Asistíamos a las actividades ataviados, según el caso, en uniformes o ropa de campaña. Éramos felices en cada entorno en el que nos movíamos. Nos resultaban igual de atractivos los encuentros solemnes en la Loma de Coroneaux, sitio emblemático de la Batalla de Guisa, mi pueblo natal, que las acampadas a cielo abierto en otros puntos periféricos.
Corrían los finales de la década del 60. Dentro de una nación agredida, igual que hoy, pertenecíamos a la entonces Unión de Pioneros de Cuba (UPC), lo cual nunca significó suspender clases o descuidar el estudio. Antes de ser pionera yo añoraba mucho tener anudada al cuello la pañoleta bicolor —mitad blanca, mitad azul—. Tanto, que el día en que mi hermana mayor la recibía me retraté con la de ella, en el propio escenario de celebración.
Obras de teatro en los matutinos de la escuela, coros, actos cívicos en los que nadie osaba hablar mientras cantábamos el Himno Nacional y se izaba la bandera, fiestas de diversa índole y otras propuestas fueron, también, aderezos de nuestra vida pioneril. Después la organización modificó su nombre y la edad de ingreso se extendió a la de la Enseñanza Secundaria, que en aquellos tiempos era el inicio de la pertenencia a la FEEM, como creo que aún debiera ser hoy.
Y llegó el ingreso a la Unión de Jóvenes Comunistas, que solía sorprendernos, en ocasiones, antes de que cumpliéramos los 15 años. Con él, se arreció el fogueo al carácter y a la responsabilidad, sobre todo en aquellas memorables etapas de Escuela al Campo, cuando el trabajo jamás resultó carga, sino disfrute.
Desalmidonadas, aunque serias, solían ser las iniciativas, que nos acompañaron hasta más allá de la universidad. La historia de la nación cubana y de países amigos estuvo siempre a modo de denominador común, cuando, ya en el periódico Escambray, nos tocó la suerte de integrar un Comité de Base resuelto y dinámico.
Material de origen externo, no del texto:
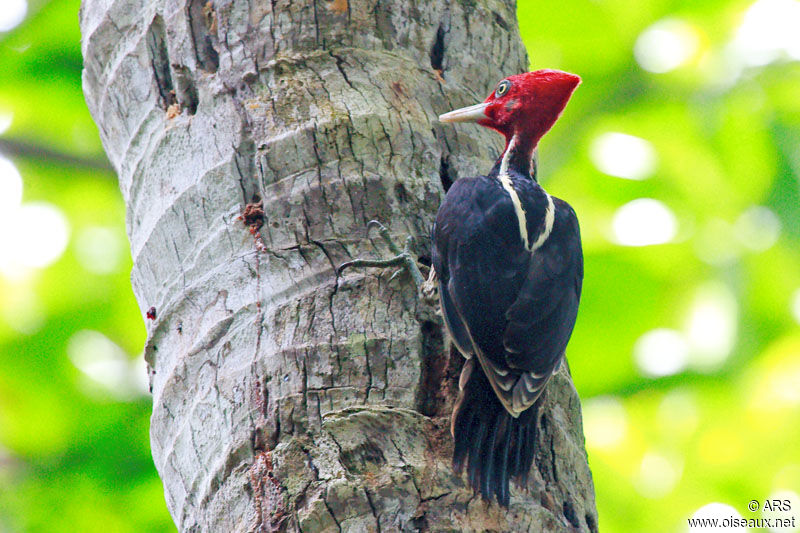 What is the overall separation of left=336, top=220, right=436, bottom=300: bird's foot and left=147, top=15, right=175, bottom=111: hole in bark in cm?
81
Velar por bustos de las áreas cercanas, visitar fábricas y museos, promover encuentros de lectura y debates de cine, apoyar a cada joven de su radio de acción; todo ello integra la memoria de los otrora militantes de la UJC en las décadas del 80 y el 90. El paso por ambas organizaciones nos preparó para la vida; nos volvió alegres y a la vez profundos.
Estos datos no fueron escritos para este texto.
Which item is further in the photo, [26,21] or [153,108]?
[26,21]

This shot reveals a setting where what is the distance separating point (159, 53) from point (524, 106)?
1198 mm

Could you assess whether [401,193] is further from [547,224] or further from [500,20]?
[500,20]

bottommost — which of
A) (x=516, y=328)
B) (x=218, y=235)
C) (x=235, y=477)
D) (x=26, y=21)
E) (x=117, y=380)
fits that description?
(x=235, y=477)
No digo que ahora sea exactamente diferente, pero siento que no es igual. No puede ser igual cuando el contexto es otro. Organización política de vanguardia de la juventud cubana, la Unión de Jóvenes Comunistas es también la principal cantera para el ingreso a las filas del Partido. Por eso le corresponde seguir siendo ese grupo al que se quiera pertenecer porque sus propuestas interesen y atraigan.
Este es, por más que avancen los tiempos y las tecnologías, el mismo país y el mismo continente donde vivió, luchó y fundó Ernesto Che Guevara, quien sostenía que los jóvenes comunistas debían ser “los primeros en estar dispuestos para los sacrificios que la Revolución demande, cualquiera que sea la índole de esos sacrificios. Los primeros en el trabajo. Los primeros en el estudio. Los primeros en la defensa del país”. Y los llamó al ejemplo, desde quienes dirigen hasta el último de los miembros, sin renunciar a la inconformidad edificante.
Se puede, estoy segura, ser fresco y espontáneo, como también recomendaba él, sin perder la hondura de los razonamientos. Se debe, creo, recuperar el terreno perdido, lo mismo en materia de organización que en los resortes de convocatoria, los procedimientos para ciertos análisis o los procesos de crecimiento, que son la garantía de continuidad. Argumentos no faltan para seguir siendo banderas, pero banderas de verdad.
Nacidas un 4 de abril, la una en 1961 y la otra en 1962, la Organización de Pioneros y la UJC celebran sus respectivos cumpleaños. A ambas corresponde seguir siendo fraguas de nuevas generaciones de cubanos, con visión futura, con fórmulas que enganchen. Todo está en que la membresía se identifique con las ideas —nacidas del esfuerzo común— y las ponga, de la mejor forma posible, al servicio de la nación.